Hampton University openly acknowledged it missed a July 1, 2017 deadline to notify MEAC of its intentions to move to the Big South Conference, which it announced Nov. 16, 2017. Importantly, however, Hampton University missed the deadline due to ongoing discussions with several other conferences regarding potential membership, not because of negligence or bad faith or antipathy toward MEAC. In fact, in full transparency, Hampton University held numerous open conversations with MEAC officials about its plans to move up in conference status, disclosing information referencing negotiations outside the conference.
Over the past few years, higher ranking athletic conferences have courted Hampton University for potential conference membership, including the Big South (ranked No. 25). Hampton University engaged in exploratory discussions with several other conferences and, at all times, again, kept MEAC Commissioner Dennis Thomas apprised of those exploratory discussions.
When Hampton University carefully considered its move to the Big South Conference, it weighed more than just athletics. Part of Hampton University’s mission is building character. Intrinsic and extrinsic rewards are part of our Athletics Program. HU builds leaders and champions inside and outside the classroom.

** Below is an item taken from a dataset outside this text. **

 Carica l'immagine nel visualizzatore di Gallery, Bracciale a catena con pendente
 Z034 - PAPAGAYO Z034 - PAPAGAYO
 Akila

“Our founder, General Samuel Chapman Armstrong, wanted ‘everything” at his ‘institution to excel’ and that includes athletics,” Harris said. “Joining the Big South is consistent with Hampton’s mission for excellence across the board,” Harris said.
MEAC is ranked No. 31 among the 32 NCAA Division I athletic conferences in the nation, which equates to being at the bottom of Division I as referenced in several conference power rankings. Hampton University desires to unite athletics with its celebrated upward trajectory in academics.

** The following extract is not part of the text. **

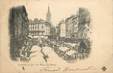 CPA FRANCE 87 "Limoges, Place des Bancs"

The move by the MEAC denies rewards for excellence on the field and is inconsistent with Hampton University’s core values and mission – to develop young men and women with a strong, positive self-image.
“Relegating our student-athletes to second class status within MEAC violates our core values,” said Harris. “Hampton University’s decision to join the Big South was animated by what is in the best interest of the university,” Harris said. “It’s about long-term growth, increased exposure and greater opportunities for strategic partnerships.”
Hampton University has made repeated requests to meet with the MEAC Council of Chief Executive Officers and MEAC Commissioner Dennis Thomas to discuss and work out the terms and conditions of Hampton University’s withdrawal from the conference. Inexplicably, the MEAC steadfastly has refused to meet with Hampton University officials.
The MEAC’s refusal to meet with Hampton University renders its commitment “to improve relationships among members and to manage the tensions that frequently surface in a competitive environment” no more than an empty promise.
Hampton University is an advocate for its students. Hampton University made its offer in the spirit of continued collaboration and mutual trust. As a strong advocate for HBCU’s, Hampton University wants to unite in the common goal of preparing students to thrive in their lives beyond the collegiate experience, and enrich the communities in which they live. Hampton University is committed to a forward-thinking transition that will be beneficial to HBCU students, MEAC student-athletes and Hampton University’s student-athletes.
It is clear that the MEAC is not committed to ensuring “intercollegiate athletics will maintain its proper role in higher education,” as is misleadingly stated in the MEAC Constitution and Bylaws.